Funnily enough, I considered using the phrase "Proof by assertion" in rejoinder to your "No. They are not." I decided that "Yes, they are" better suited the spirit of the occasion. Such are the heights to which your prose inspires me.

The May 17 entry records Joseph expounding on doctrine. The May 1 entry records something that William believed, for some reason or other, that Joseph had said. The notion that this even purports to be a "prophetic utterance" is a complete fabrication, and to pretend that the two are of equal stature is grossly counterfactual.
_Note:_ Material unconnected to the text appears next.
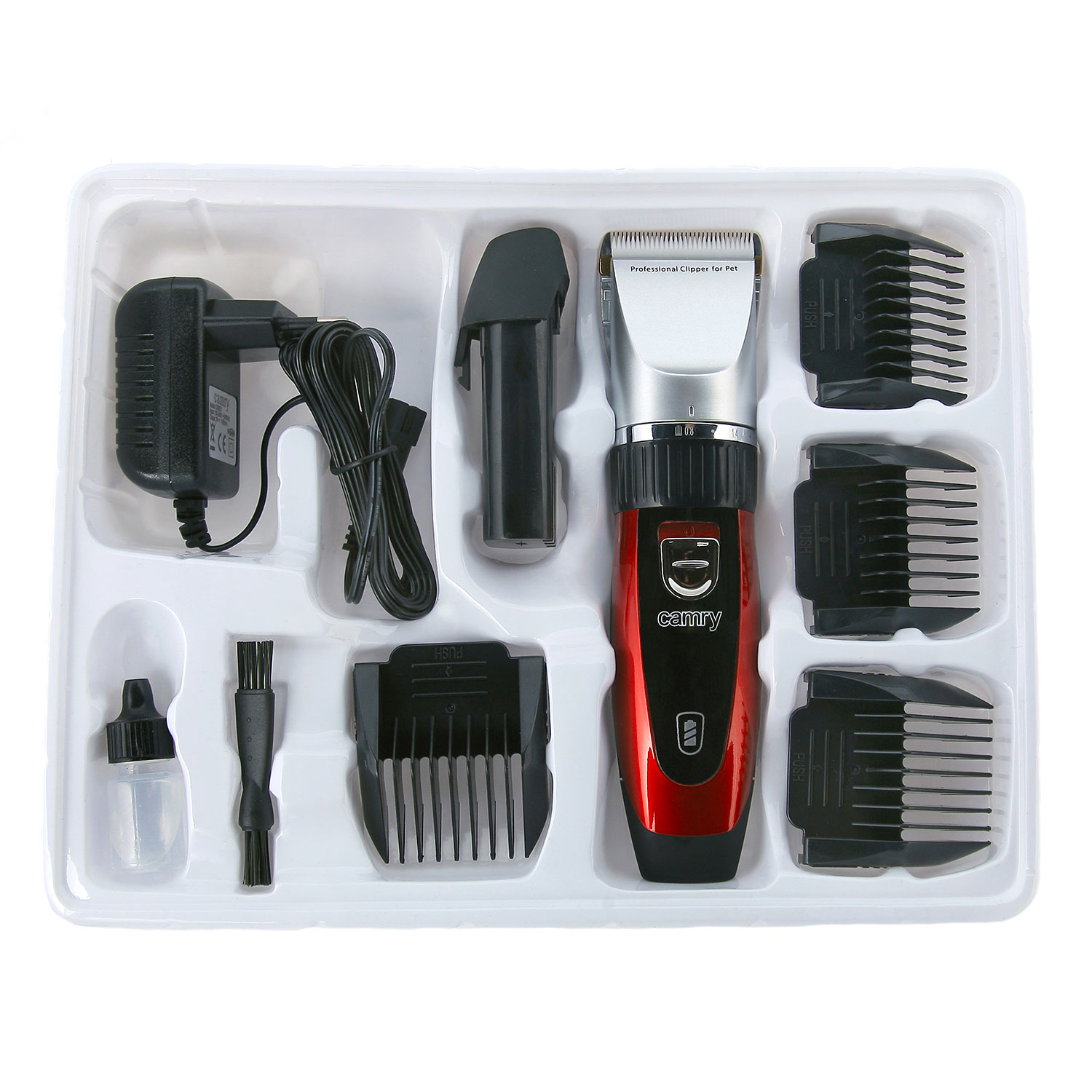 Tierhaarschneidemaschinen-Set mit Zubehör. Enthält Trimmer, Aufsätze, Netzteil und Bürste.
The conclusion that one is doctrine and the other is some mysterious entity of unknowable provenance is an artifact of retrospective judgment exercised by subsequent church leaders. They could just as easily have canonized the Kinderhook statement, as they did with other salvifically negligible morsels like D&C 116. But Clayton was impressed enough with the statement to record it and attribute it to "Prest. J."

My point in bolding that "we" was simply that it is a first-person pronoun. It doesn't matter what other parties it includes--it unquestionably includes William Clayton. He is describing his activities. And the next sentence, talking about what Joseph preached about, etc. is a complete disconnect that bears no relationship to what went before unless William is still recording his own experiences of the morning.

Just the sort of disconnect you are positing to disattribute his "Prest. J. . . says . . ." from "Prest. J."